Chempy: Galactic Chemical Evolution Model

Updated 23 January 2026

Chempy is a parametrized, one-zone model that simulates star formation, chemical enrichment, and ISM dynamics in galaxies.
It leverages Bayesian inference and neural network emulators for rapid and rigorous statistical fitting of stellar abundance data.
The framework flexibly incorporates diverse nucleosynthetic yield tables and key parameters like the high-mass IMF slope and SN Ia rates.

Chempy is a parametrized, open one-zone Galactic Chemical Evolution (GCE) model now widely used as a benchmark tool to interpret and statistically fit galactic elemental abundance data in stellar archaeology.

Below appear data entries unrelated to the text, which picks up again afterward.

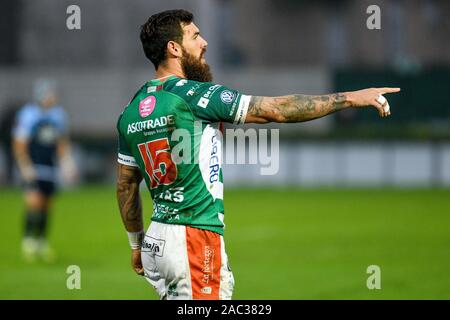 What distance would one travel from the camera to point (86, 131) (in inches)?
1310

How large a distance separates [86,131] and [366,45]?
14997 millimetres

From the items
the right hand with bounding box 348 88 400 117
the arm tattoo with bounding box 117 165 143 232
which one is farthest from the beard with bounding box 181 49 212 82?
the right hand with bounding box 348 88 400 117

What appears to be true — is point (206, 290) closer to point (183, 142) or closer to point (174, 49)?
point (183, 142)

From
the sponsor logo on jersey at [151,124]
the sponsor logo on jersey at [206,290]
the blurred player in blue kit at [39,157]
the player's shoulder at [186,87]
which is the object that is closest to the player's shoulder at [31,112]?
the blurred player in blue kit at [39,157]

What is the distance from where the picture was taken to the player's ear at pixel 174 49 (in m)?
6.36

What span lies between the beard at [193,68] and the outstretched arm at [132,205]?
770 mm

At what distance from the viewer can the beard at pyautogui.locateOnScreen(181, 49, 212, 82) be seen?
6.39m

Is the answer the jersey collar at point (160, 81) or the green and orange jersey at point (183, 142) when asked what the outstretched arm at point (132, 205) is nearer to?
the green and orange jersey at point (183, 142)

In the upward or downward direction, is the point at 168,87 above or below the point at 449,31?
below

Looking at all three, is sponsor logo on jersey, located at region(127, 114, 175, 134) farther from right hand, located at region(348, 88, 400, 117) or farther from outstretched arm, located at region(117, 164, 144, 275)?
right hand, located at region(348, 88, 400, 117)

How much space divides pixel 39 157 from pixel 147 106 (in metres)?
10.4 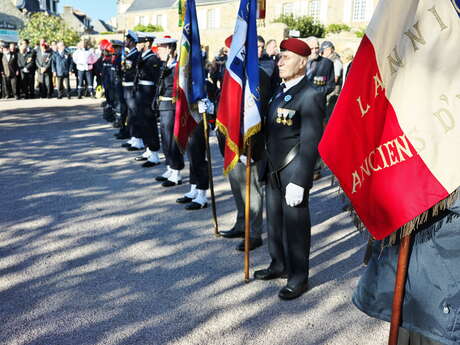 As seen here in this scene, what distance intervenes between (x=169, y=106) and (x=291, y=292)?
3.89 metres

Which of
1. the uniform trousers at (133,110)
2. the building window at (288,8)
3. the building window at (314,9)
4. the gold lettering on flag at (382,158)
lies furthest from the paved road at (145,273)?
the building window at (288,8)

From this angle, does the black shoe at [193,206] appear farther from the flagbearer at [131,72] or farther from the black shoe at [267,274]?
the flagbearer at [131,72]

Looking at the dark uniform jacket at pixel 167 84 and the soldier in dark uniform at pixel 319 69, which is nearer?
the dark uniform jacket at pixel 167 84

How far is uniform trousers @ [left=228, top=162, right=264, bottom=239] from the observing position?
4.75m

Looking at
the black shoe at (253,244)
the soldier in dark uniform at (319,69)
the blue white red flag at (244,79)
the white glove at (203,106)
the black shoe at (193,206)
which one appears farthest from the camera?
the soldier in dark uniform at (319,69)

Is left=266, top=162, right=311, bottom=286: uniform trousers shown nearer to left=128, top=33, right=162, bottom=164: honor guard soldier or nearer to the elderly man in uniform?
the elderly man in uniform

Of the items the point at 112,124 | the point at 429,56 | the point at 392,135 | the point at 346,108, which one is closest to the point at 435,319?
the point at 392,135

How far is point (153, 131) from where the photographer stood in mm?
7988

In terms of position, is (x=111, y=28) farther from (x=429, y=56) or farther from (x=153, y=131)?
(x=429, y=56)

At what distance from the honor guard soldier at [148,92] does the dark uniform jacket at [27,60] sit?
10617 mm

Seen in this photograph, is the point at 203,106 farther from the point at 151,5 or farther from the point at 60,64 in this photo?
the point at 151,5

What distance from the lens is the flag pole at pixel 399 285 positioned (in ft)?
6.31

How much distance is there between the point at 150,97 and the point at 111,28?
330ft

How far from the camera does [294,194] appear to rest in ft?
11.3
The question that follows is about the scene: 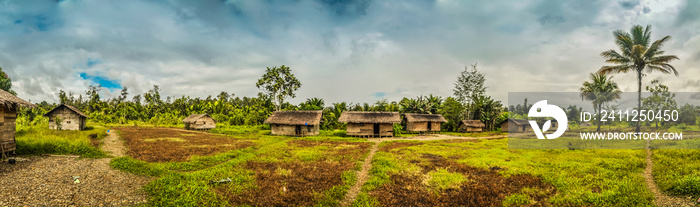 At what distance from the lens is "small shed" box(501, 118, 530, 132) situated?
160 ft

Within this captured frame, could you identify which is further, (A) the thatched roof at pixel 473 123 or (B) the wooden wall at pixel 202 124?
(A) the thatched roof at pixel 473 123

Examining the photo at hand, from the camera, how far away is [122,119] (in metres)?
51.9

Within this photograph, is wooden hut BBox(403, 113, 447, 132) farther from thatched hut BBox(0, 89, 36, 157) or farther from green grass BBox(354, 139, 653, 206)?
thatched hut BBox(0, 89, 36, 157)

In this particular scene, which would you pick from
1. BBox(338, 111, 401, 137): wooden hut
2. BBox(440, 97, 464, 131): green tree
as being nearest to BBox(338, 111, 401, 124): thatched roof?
BBox(338, 111, 401, 137): wooden hut

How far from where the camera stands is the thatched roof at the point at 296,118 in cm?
3405

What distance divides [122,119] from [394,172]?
59.6 meters

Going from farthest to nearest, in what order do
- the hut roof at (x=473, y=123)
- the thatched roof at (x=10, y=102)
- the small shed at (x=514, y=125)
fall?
the small shed at (x=514, y=125), the hut roof at (x=473, y=123), the thatched roof at (x=10, y=102)

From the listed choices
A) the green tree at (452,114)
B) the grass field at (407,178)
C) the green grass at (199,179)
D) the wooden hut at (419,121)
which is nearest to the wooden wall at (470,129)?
the green tree at (452,114)

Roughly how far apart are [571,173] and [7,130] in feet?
88.6

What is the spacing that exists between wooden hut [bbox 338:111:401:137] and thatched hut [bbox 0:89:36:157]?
85.3ft

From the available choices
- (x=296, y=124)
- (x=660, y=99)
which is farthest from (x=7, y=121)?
(x=660, y=99)

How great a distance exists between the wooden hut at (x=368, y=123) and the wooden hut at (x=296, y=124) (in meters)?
3.52

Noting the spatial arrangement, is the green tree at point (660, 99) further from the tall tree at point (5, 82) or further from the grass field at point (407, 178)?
the tall tree at point (5, 82)

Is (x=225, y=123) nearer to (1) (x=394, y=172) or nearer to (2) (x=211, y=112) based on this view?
(2) (x=211, y=112) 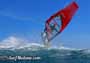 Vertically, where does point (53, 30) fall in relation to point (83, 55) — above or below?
below

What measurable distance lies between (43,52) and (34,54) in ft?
54.3

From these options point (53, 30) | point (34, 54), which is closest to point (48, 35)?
point (53, 30)

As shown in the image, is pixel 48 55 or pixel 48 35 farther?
pixel 48 55

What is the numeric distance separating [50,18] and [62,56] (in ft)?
492

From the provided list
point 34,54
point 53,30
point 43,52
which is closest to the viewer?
point 53,30

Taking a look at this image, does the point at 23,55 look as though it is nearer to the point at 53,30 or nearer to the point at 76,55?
the point at 76,55

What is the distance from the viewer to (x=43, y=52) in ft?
581

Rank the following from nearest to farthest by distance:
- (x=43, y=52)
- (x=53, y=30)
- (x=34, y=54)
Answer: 1. (x=53, y=30)
2. (x=43, y=52)
3. (x=34, y=54)

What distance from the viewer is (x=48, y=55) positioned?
18225 cm

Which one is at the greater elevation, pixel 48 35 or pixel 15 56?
pixel 15 56

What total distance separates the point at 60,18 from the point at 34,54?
160006mm

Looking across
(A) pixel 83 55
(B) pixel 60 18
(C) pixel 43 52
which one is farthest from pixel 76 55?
(B) pixel 60 18

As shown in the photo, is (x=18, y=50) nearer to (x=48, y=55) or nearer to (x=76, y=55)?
(x=48, y=55)

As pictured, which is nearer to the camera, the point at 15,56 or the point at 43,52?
the point at 43,52
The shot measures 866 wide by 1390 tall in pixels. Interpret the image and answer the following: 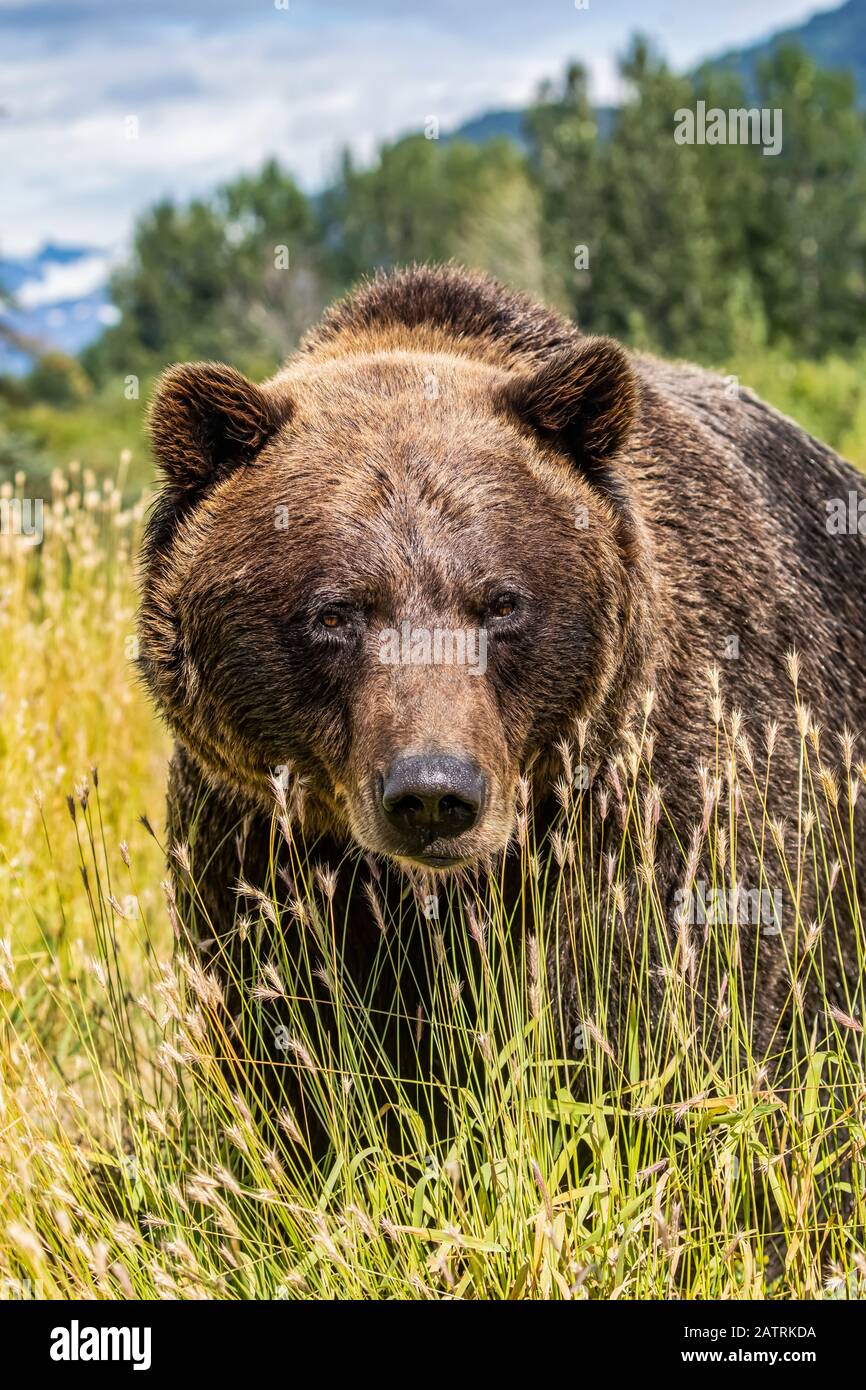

Chempy enables forward and inverse modeling of the chemical enrichment history of galaxies, emphasizing computational efficiency, rigorous Bayesian inference, and flexibility in the choice of nucleosynthetic yield tables, star formation histories, and ISM physics. By combining rapid integrators with neural network emulators, Chempy forms the backbone for scalable Bayesian or simulation-based inference (SBI) pipelines, supporting quantitative constraints on fundamental parameters such as the high-mass slope of the initial mass function (IMF) and the normalization of Type Ia supernova (SN Ia) rates. This makes Chempy a central framework for analyses leveraging large spectroscopic and astrometric surveys (Rybizki et al., 2017, Philcox et al., 2019, Buck et al., 4 Mar 2025).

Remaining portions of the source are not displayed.